Assoc. Prof. Tsing-Hai WangDepartment of Chemical Engineering and Materials Science, Yuan Ze University
Speech Title: Involved Surface Chemistry for Green Waste Reutilization: Examples of Fluoride Recovery and Functionalization of Waste Beer Dreg
Abstract: The promotion of waste reutilization through environmentally friendly methods aligns with the principles of the circular economy. Embracing this, a deep understanding of surface chemistry becomes paramount in designing the optimal path for effective reutilization. In our study, we demonstrate our endeavours in repurposing waste beer dregs to degrade dye-contaminated wastewater and to recover fluoride using specialized cellulose filter papers. In the case of waste beer dreg reutilization, the initial step involved the conversion of waste beer dregs into biochar via high-temperature pyrolysis. To enhance the degradation of real dye-polluted wastewater, we introduced iron oxides onto the biochar surface through a hydrothermal reaction. While the degradation efficiency showed gradual decline across different operational batches, the catalysts exhibited remarkable rejuvenation potential through a straightforward carbothermal reaction. This innovative regeneration process empowered waste beer dregs to function as Fenton's reagent for effective dye wastewater degradation.
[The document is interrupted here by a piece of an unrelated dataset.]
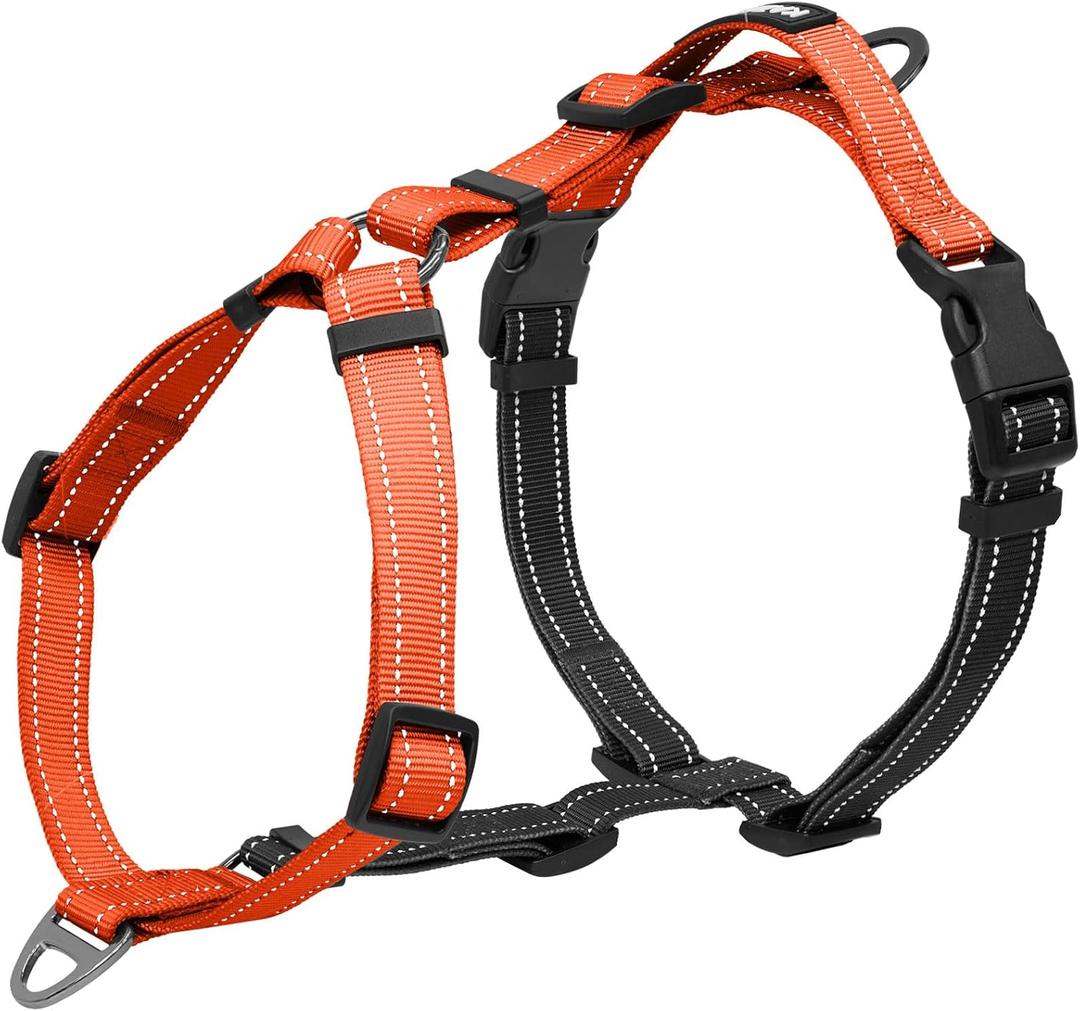 Dog Harness,Adjustable No Pull Dog Harness,Y-Shaped Design,Buckle-Neck Balance Harness with Reflective, Ideal for Large Dog Training Hiking, Easy Walk Harness,Durable High-Tensile Nylon Orange-L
In a parallel effort, we functionalized cellulose filter papers using esterification. The introduction of associated carboxyl groups enabled the selective and efficient adsorption of calcium and magnesium cations from seawater. Subsequent reactions between the adsorbed calcium and magnesium and the fluoride ions facilitated the recovery of fluoride from wastewater. Notably, the porous nature of cellulose paper proved instrumental in retaining calcium and magnesium fluoride colloids, thus facilitating their separation from the wastewater. The cellulose paper containing calcium/magnesium fluorite emerged as a valuable green carbon source, finding utility in steel milling and cement production. This multifaceted approach not only highlights the potential economic gains but also presents the viability of effectively functionalizing waste for practical reutilization endeavors.